On June 14, the reporter learned from the reply of the Provincial Health Planning Commission that Guangdong will start the personnel sinking plan of the city's tertiary hospitals. Every year, about 2000 health technicians are transferred from tertiary hospitals in the province to work in medical institutions below the county level.

After more than 30 years of reform and opening up, the difference between urban and rural areas has gradually shifted from the level of economic development to the level of public services, such as medical care and education. In particular, the level of medical services, not to mention rural areas, even county towns and prefecture-level cities, is not generally large compared with big cities. The main reason for the low level of primary health care is the shortage of talents. Even with high-quality medical hardware, it is a waste to lack corresponding talents. For example, some films taken by grassroots hospitals are incomprehensible to grassroots doctors, and the diagnosis is very different from that of doctors in top three hospitals in cities. How do grassroots doctors gain the trust of patients?
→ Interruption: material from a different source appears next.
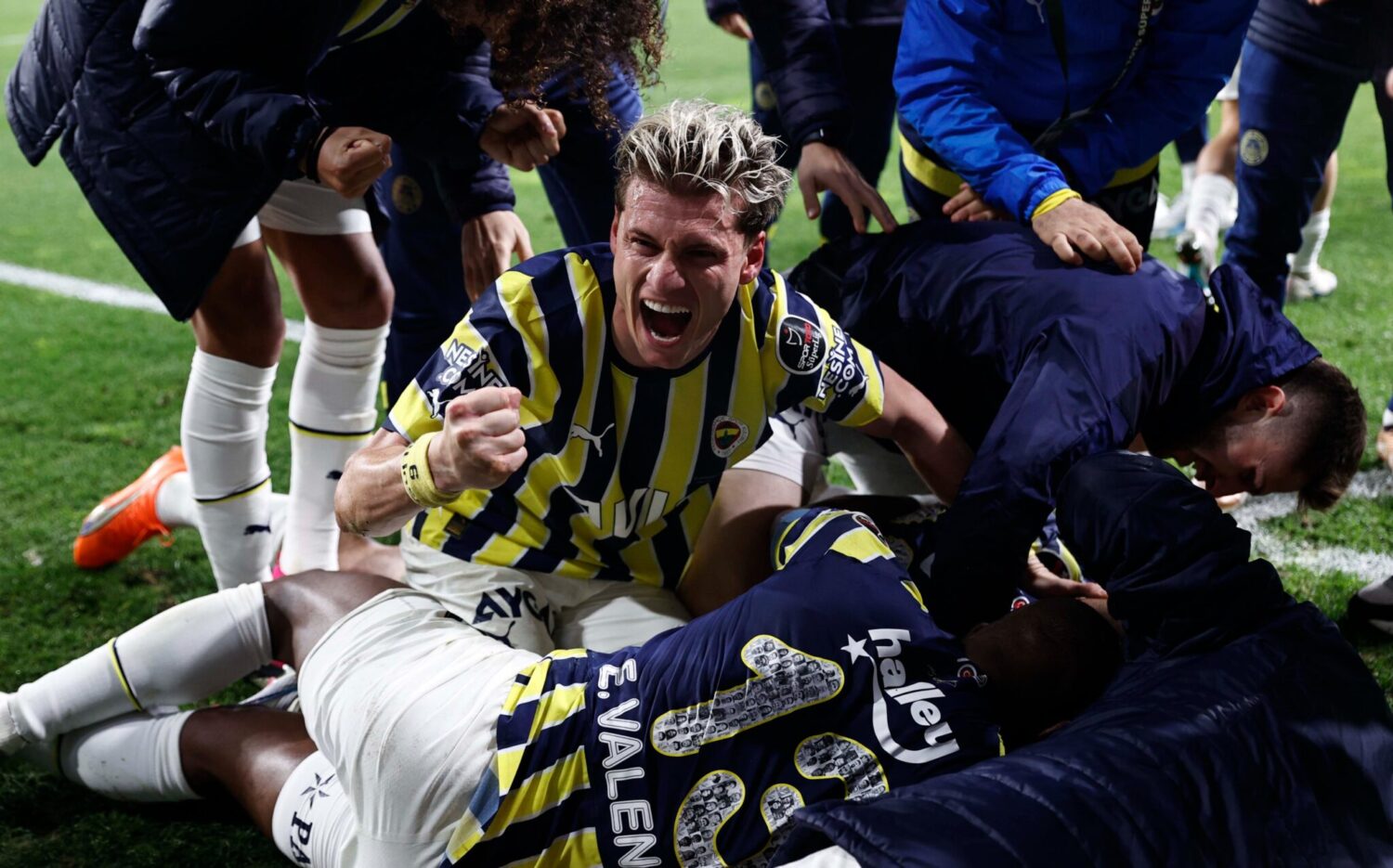 Fenerbahçe'de taraftarların takıma olan inancının arttı. Kadıköy'de İstanbulspor ile oynanacak maç için satışa çıkan tüm biletler tükendi. 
With the government's attention to primary hospitals, the hardware level of primary hospitals is constantly improving, but it is difficult to improve the level of doctors immediately. Therefore, the grass-roots planning of urban top-three hospitals is correct from the perspective of talent supply. Next, first, the staff of the city's top three hospitals are "sinking", and they should "sink" and "sink" instead of going through formalities and going through the motions. The staff of the city's tertiary hospitals all have their own positions and interests. If they leave their jobs and "sink", there should be a guarantee mechanism, so that their interests will not only be damaged, but also gain additional benefits. Only in this way can they have a "heavy" enthusiasm. Second, "blood transfusion" is more about "hematopoiesis". While the staff of tertiary hospitals in cities are sinking, grassroots doctors should also have the opportunity to "float up"-enter tertiary hospitals in cities for training, get guidance from experts, and improve their medical skills quickly. After all, they are the main force.